About this task
An exact copy of the records is needed; please leave the images out.

Records supplied
++++++

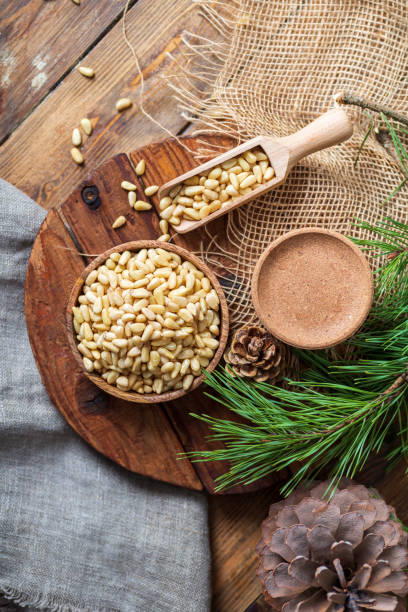 istock Peeled pine nuts in a bowl, pine cone on a cutting board, rough cloth next to it. View from above. Healthy food of forest gifts. 1314591584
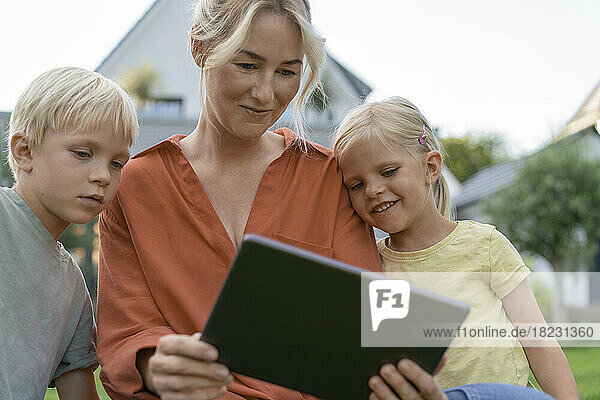 Smiling woman showing tablet PC to children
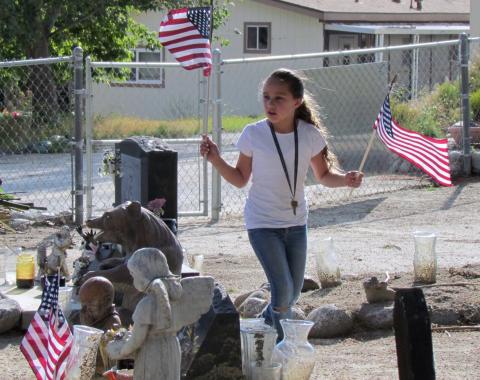 Noyáaykit Silvas, 7, helps her dad and others place flags at the gravesites of veterans buried at Soboba Cemetery in preparation of a Memorial Day ceremony Noyáaykit Silvas, 7, helps her dad and others place flags at the gravesites of veterans buried at Soboba Cemetery in preparation of a Memorial Day ceremony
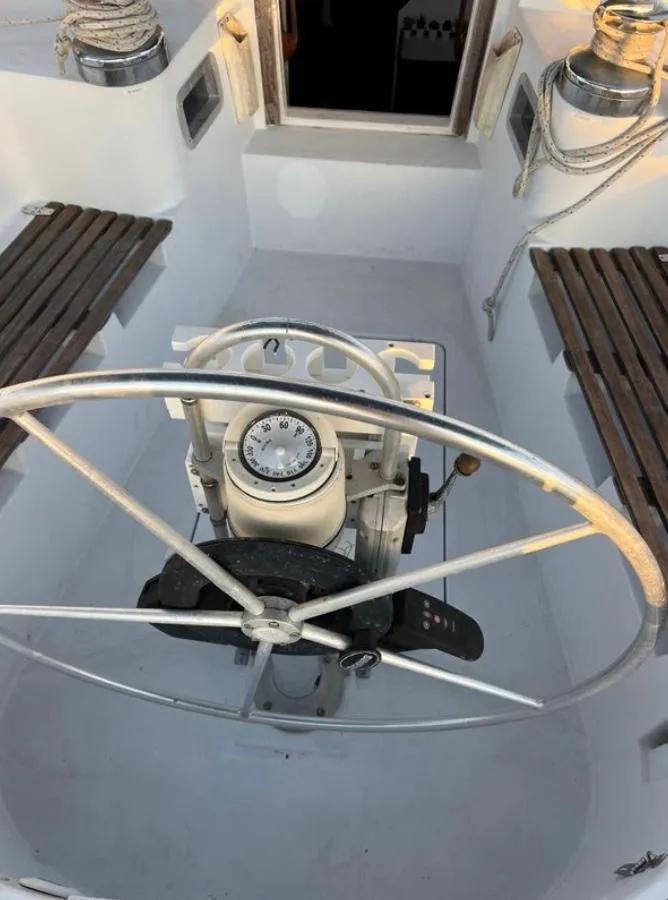Slide: The Image of Cockpit of 1985 Gib'Sea 126 sailboat with steering wheel and navigation equipment. - 31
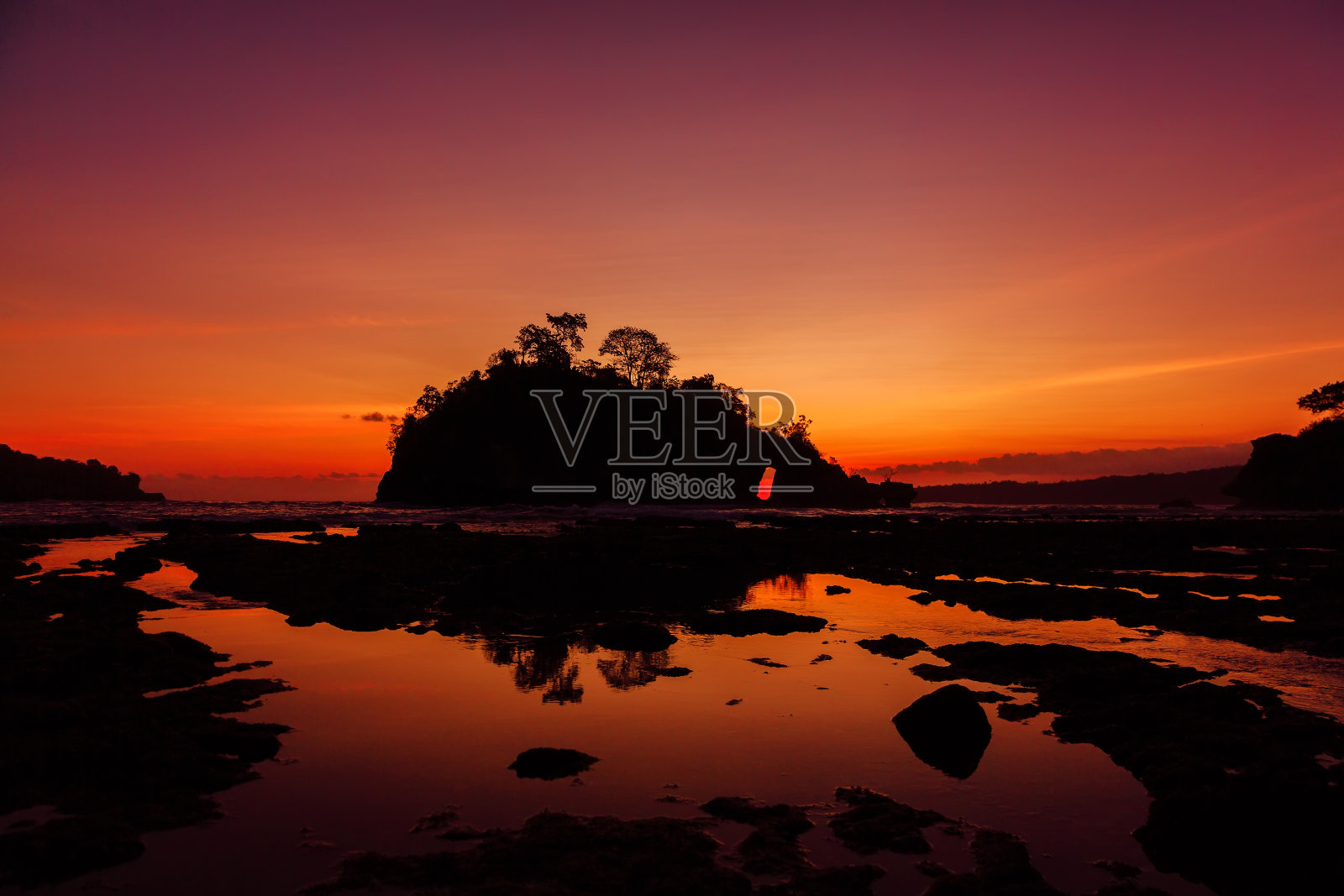 在巴厘岛努沙佩尼达的海洋岩石岛与明亮温暖的日落照片摄影图片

++++++

Reply to the exercise
 istock Peeled pine nuts in a bowl, pine cone on a cutting board, rough cloth next to it. View from above. Healthy food of forest gifts. 1314591584
 Smiling woman showing tablet PC to children
 Noyáaykit Silvas, 7, helps her dad and others place flags at the gravesites of veterans buried at Soboba Cemetery in preparation of a Memorial Day ceremony Noyáaykit Silvas, 7, helps her dad and others place flags at the gravesites of veterans buried at Soboba Cemetery in preparation of a Memorial Day ceremony
Slide: The Image of Cockpit of 1985 Gib'Sea 126 sailboat with steering wheel and navigation equipment. - 31
 在巴厘岛努沙佩尼达的海洋岩石岛与明亮温暖的日落照片摄影图片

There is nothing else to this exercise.